* ACTIVITY: In the copy, include exactly the lines from the one with "Página para colorir: Zebra" through the end of the data and no others, both ends kept, with every picture left out.

* INFORMATION PROVIDED:
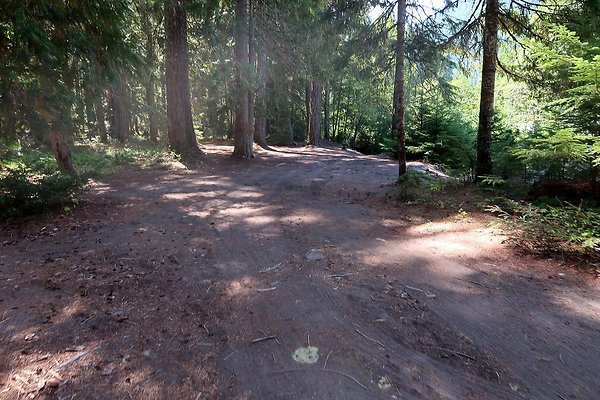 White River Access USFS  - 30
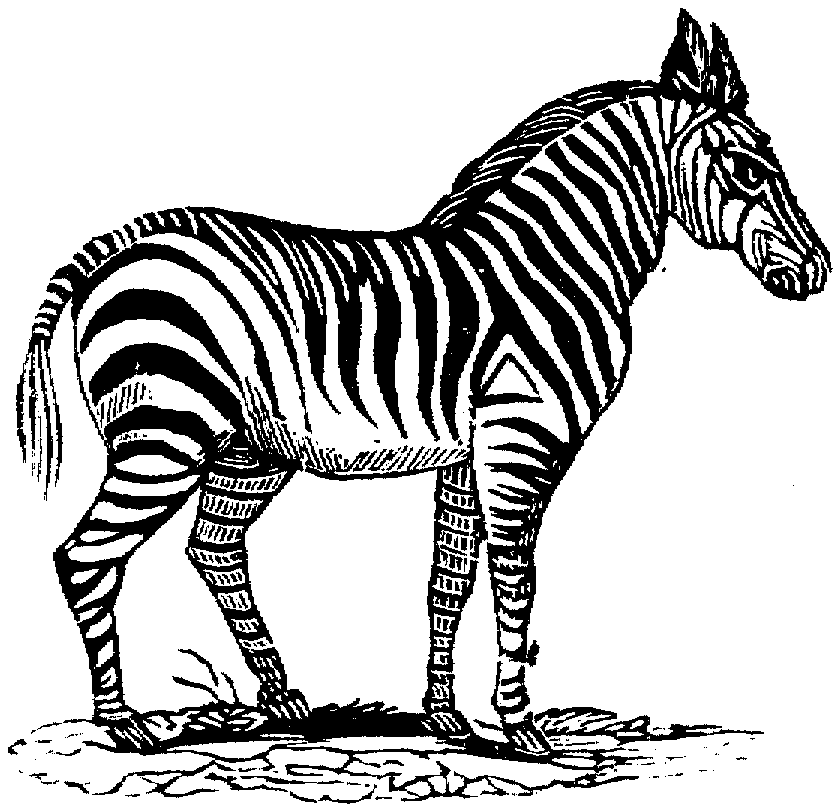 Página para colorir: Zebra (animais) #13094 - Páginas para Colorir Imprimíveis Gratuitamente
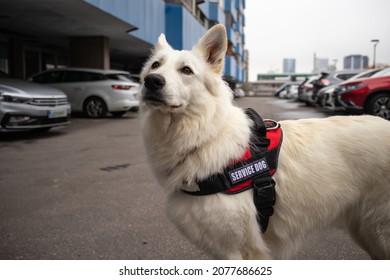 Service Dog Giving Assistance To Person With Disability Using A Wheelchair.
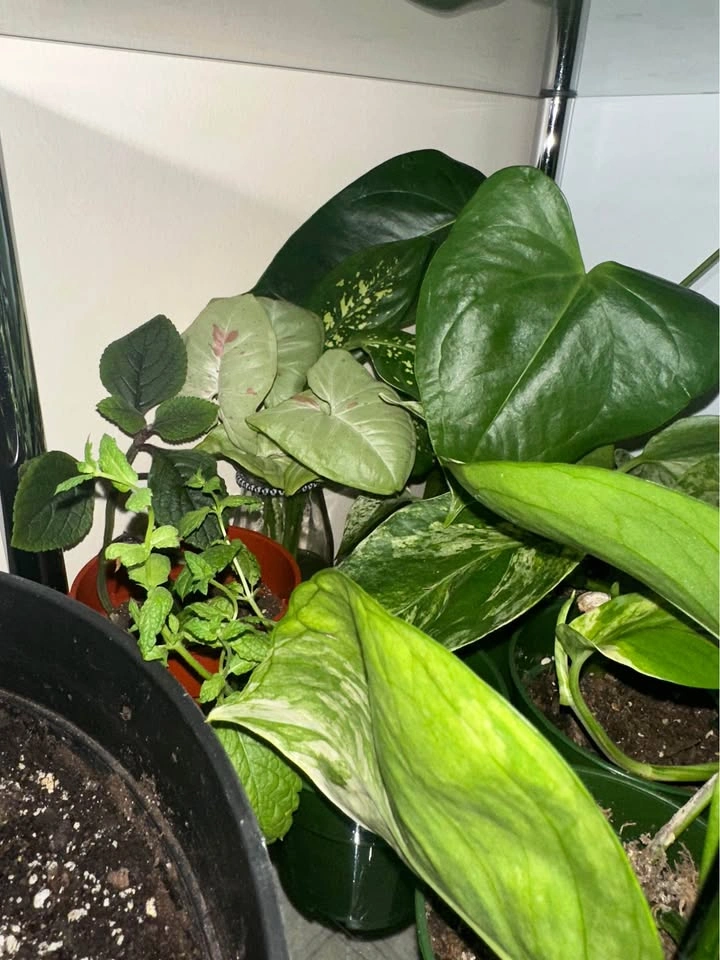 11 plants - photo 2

* REPLY:
 Página para colorir: Zebra (animais) #13094 - Páginas para Colorir Imprimíveis Gratuitamente
 Service Dog Giving Assistance To Person With Disability Using A Wheelchair.
 11 plants - photo 2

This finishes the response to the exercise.